───── Records for this exercise

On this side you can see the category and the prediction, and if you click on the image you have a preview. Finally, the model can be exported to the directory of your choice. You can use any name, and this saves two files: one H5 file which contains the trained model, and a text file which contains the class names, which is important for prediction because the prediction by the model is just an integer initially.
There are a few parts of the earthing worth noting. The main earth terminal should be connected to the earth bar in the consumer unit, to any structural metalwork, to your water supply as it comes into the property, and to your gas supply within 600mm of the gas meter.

──────────
───── Records for this exercise

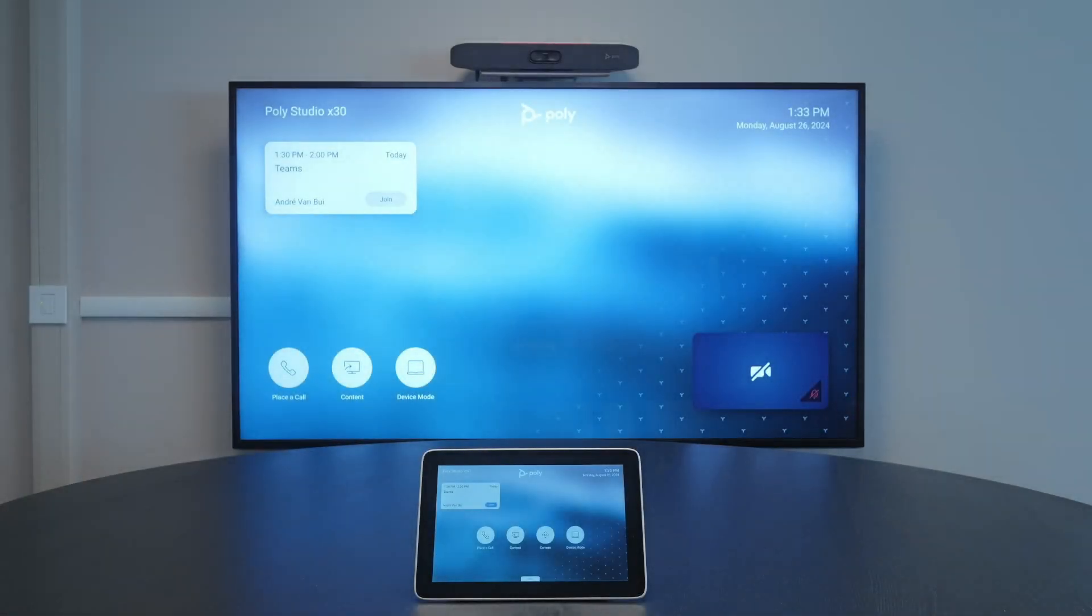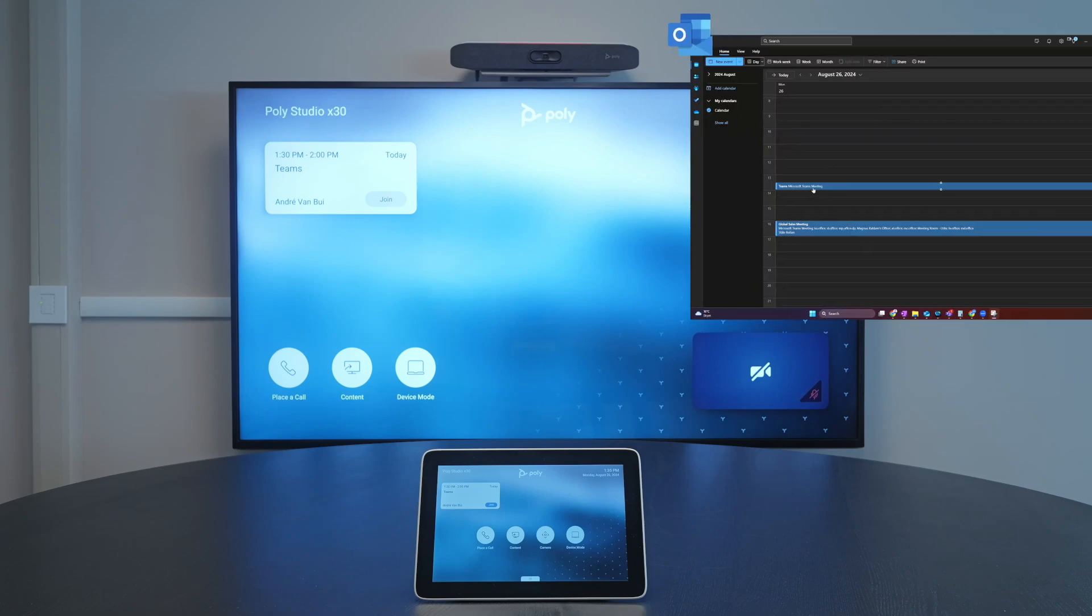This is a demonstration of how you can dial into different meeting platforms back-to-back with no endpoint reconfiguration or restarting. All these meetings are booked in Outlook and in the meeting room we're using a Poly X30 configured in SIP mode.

──────────
───── Records for this exercise

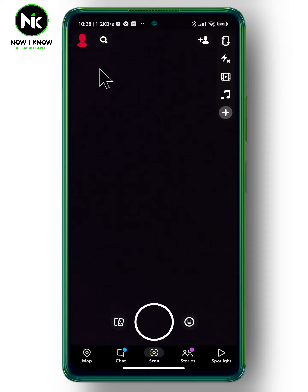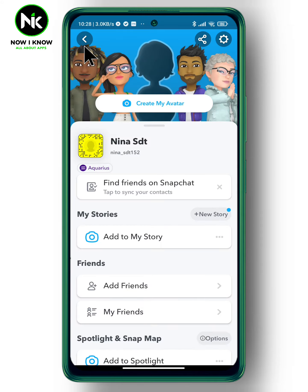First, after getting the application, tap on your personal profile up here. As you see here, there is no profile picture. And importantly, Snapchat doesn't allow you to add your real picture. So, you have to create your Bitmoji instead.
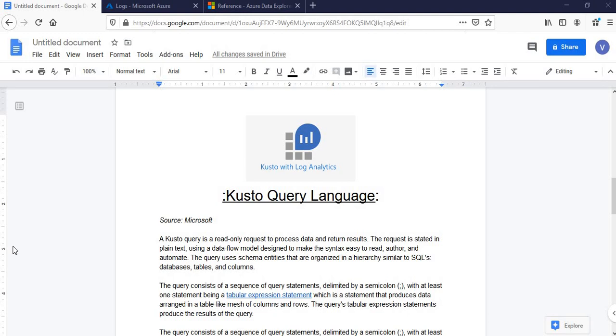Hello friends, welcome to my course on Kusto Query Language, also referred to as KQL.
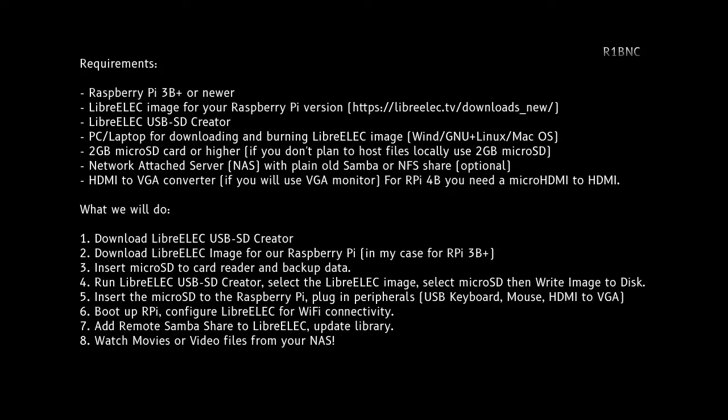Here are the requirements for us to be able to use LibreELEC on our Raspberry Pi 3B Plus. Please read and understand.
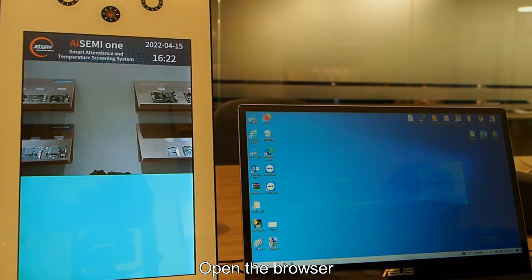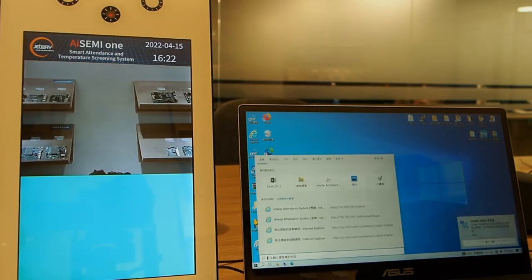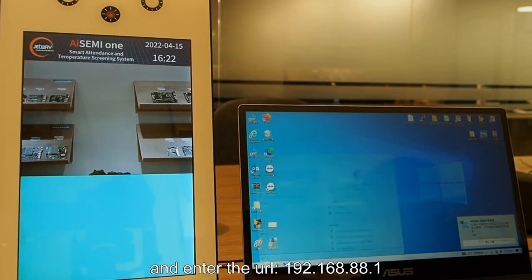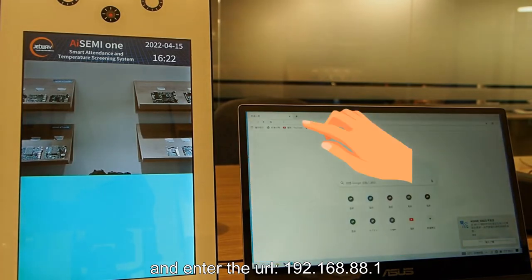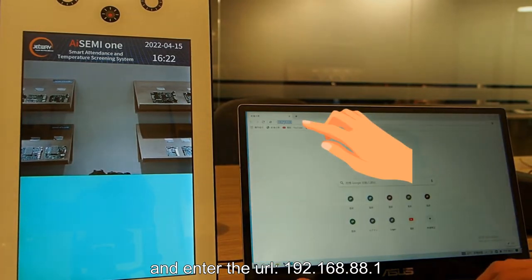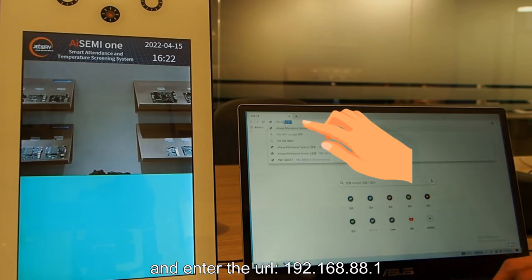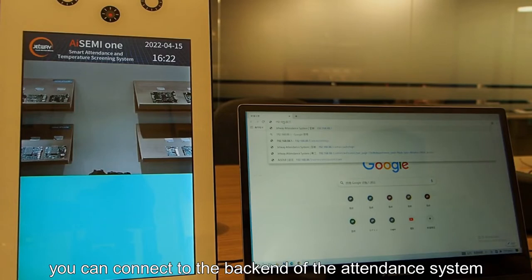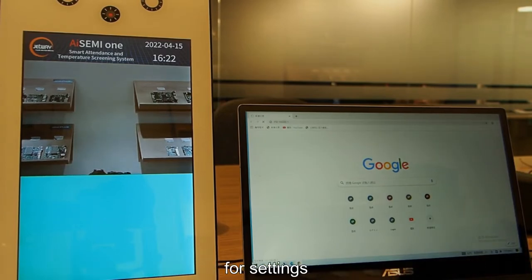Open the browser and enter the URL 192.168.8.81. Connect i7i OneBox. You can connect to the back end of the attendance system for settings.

──────────

◆ **Task details**
Using the records above, repeat exactly the run of lines that starts with the line with "Hello friends, welcome" and goes on through the line with "Open the browser"; omit each picture.

◆ **Response**
Hello friends, welcome to my course on Kusto Query Language, also referred to as KQL.
Here are the requirements for us to be able to use LibreELEC on our Raspberry Pi 3B Plus. Please read and understand.
Open the browser and enter the URL 192.168.8.81. Connect i7i OneBox. You can connect to the back end of the attendance system for settings.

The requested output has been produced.